▸ **WHAT YOU HAVE TO DO**
Using the records below, write out only the lines from the line containing "Big dogs over 50 sticker #12350189" up to and including the line containing "MÉDICAMENTS CERVEAU passage", exactly, with no pictures.

+++ DATASET RECORDS +++

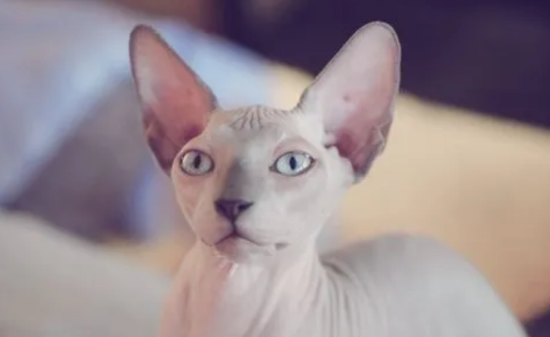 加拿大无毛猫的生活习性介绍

+++
+++ DATASET RECORDS +++

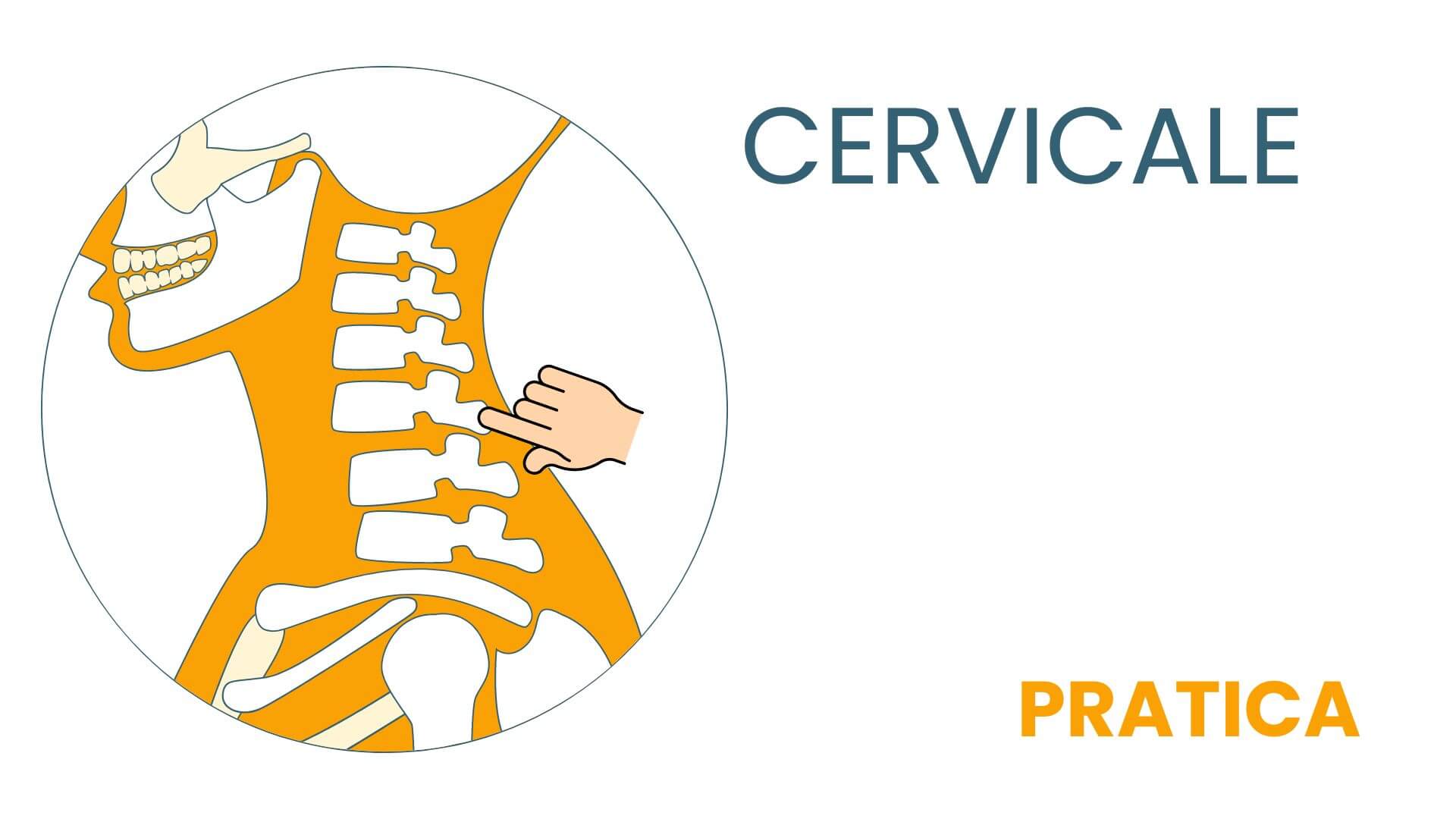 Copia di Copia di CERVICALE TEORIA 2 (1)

+++
+++ DATASET RECORDS +++

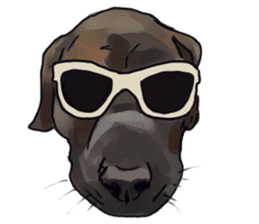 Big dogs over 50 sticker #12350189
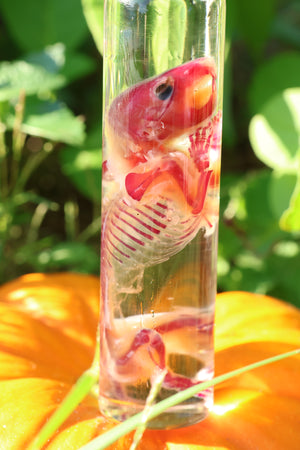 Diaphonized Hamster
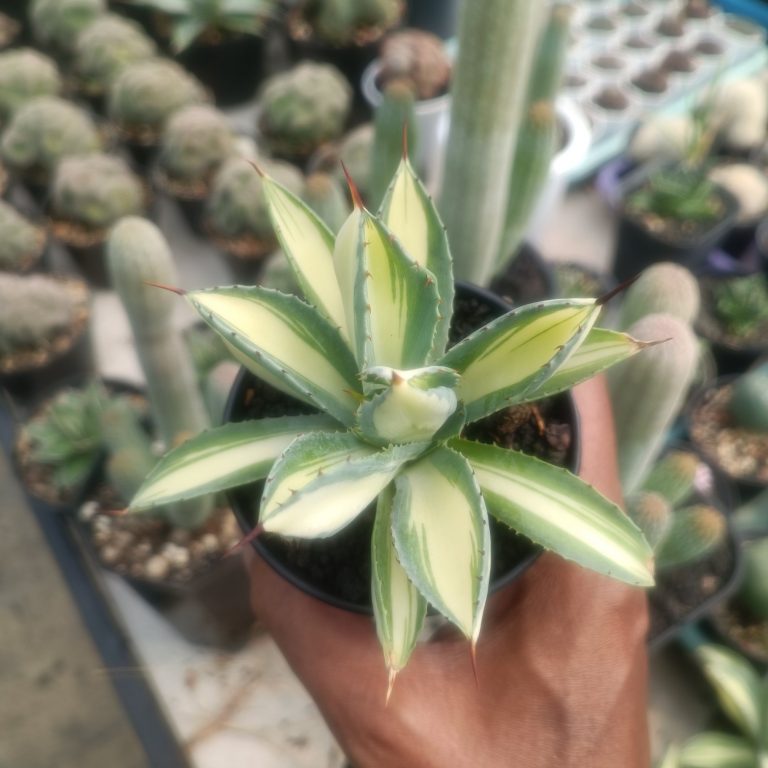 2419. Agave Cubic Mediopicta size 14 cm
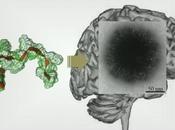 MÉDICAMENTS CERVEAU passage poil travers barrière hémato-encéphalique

+++

▸ **RESPONSE**
 Big dogs over 50 sticker #12350189
 Diaphonized Hamster
 2419. Agave Cubic Mediopicta size 14 cm
 MÉDICAMENTS CERVEAU passage poil travers barrière hémato-encéphalique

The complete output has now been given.